I have traveled to Kashmir a few times but this is my first visit during winter. I arrived in December with certain ideas of a photography project around specific human rights violations at the hands of the Indian armed forces. Barely a few photographs into the idea, the month of "Chillai Kalan" (marking the harshest forty days of winter) started. My ideas shifted to the back-burner as movement outside of Srinagar became difficult and all my thoughts turned to staying warm. Then came the snow...
I had expected a snowy Kashmir winter to be about simply oscillating between gasping at the beauty of the snow, and cursing the bone chilling cold, but during this winter I saw the different ways in which snow impacts life in Kashmir. It is picturesque when it falls, covering everything under an equalizing white quilt, but unsightly once it starts melting into a dirty muddy slush. The slippery roads cause traffic jams in the city, and even basic movement is limited in the countryside, but the snow also brings enthusiastic tourists. Work slows down as all movement outside the house or even outside the pheran feels uncomfortable and unnecessary, but people also spend longer hours huddled together over their Kangris bonding over endless cups of tea and discussing the summer past. The power-cuts become more frequent and prolonged but people talk of the rich crop of juicy apples that they can expect in the next season due to the snow. Water pipes freeze and running water seems a luxury to many, but they delight in thoughts of the flowing streams that the replenished glaciers will bring come summer. There are some who flee the region to warmer climes, and others who view this as a period of re-energizing.

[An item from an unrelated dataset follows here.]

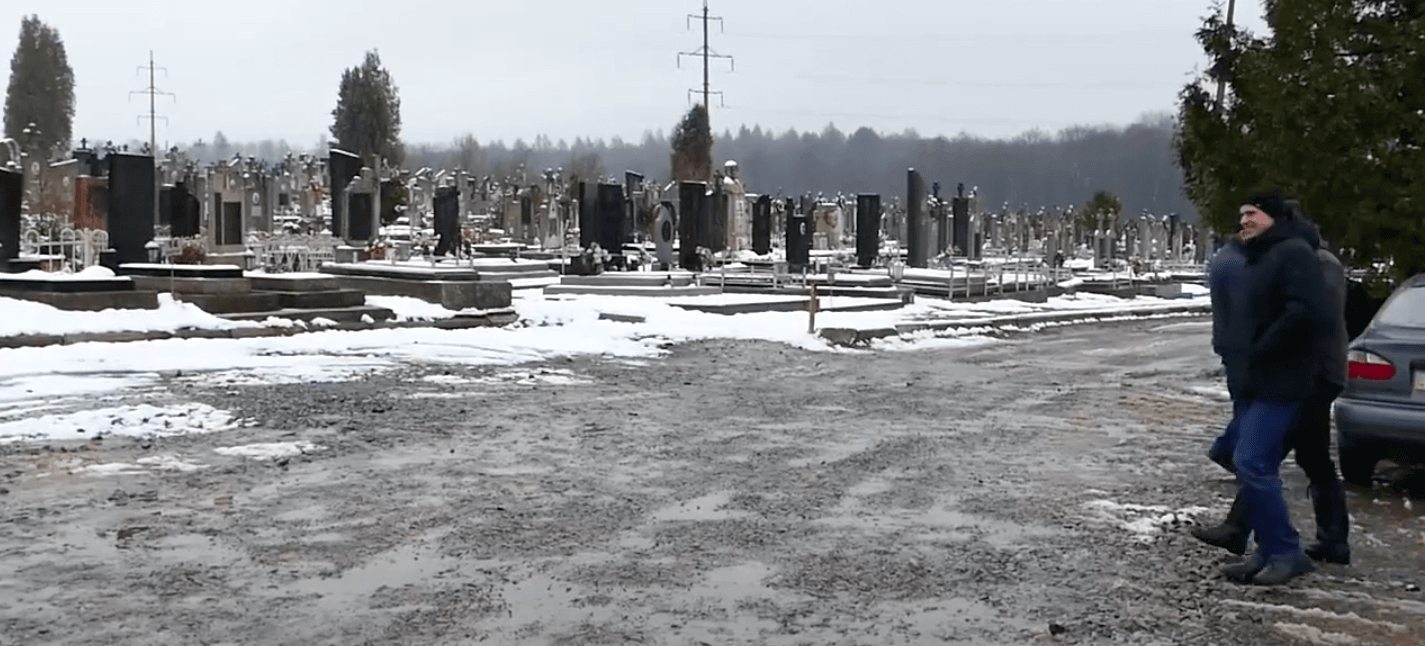 У Калуші за три місяці закінчаться місця для поховання. З бюджету виділили для кладовища мільйон гривень (ВІДЕО)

As an outsider, I see my previously binary understanding of the Kashmiri winter the mesmerizing beauty of the snow covered valley and the struggle to keep warm – as a metaphor for the popular perception of Kashmir. The average Indian thinks of Kashmir only in terms of the natural beauty that draws us as tourists, and the militancy infested threat to national integrity that it is often portrayed as by propagandists. The complexity of its history and its relationship with India is lost to most. Beyond the tourists, the yatris, and the militants, there is also the struggle for fundamental rights and freedoms. Alongside the shikaras and the ski slopes, there is the decades long brutal presence of Indian armed forces. Together with the nationalistic cries for “integral part of India” there is silence on the human rights violations. In the middle of the political chess play between India and Pakistan are the rising Kashmiri voices. There are school going teenagers who pelt stones and trained soldiers who fire guns indiscriminately. There are kids who run around singing songs of Azadi as they throw snowballs at each other, and youngsters who click and post photos incessantly to express their fashion identity. There are people who welcome Indians with gracious hospitality while the walls are scribbled with their rejection of the Indian Occupation. There is the sorrow of loss of business this past year, and the resolve to continue the hartaal as part of the uprising. There are unfulfilled promises of successive governments, and new generations that have only known discontent.
To photographically capture some of this complexity still remains the subject of a future attempt for me. The current photo series is motivated by gratitude for the unique experience of the nuances of the Kashmiri winter over the past Chillai Kalan.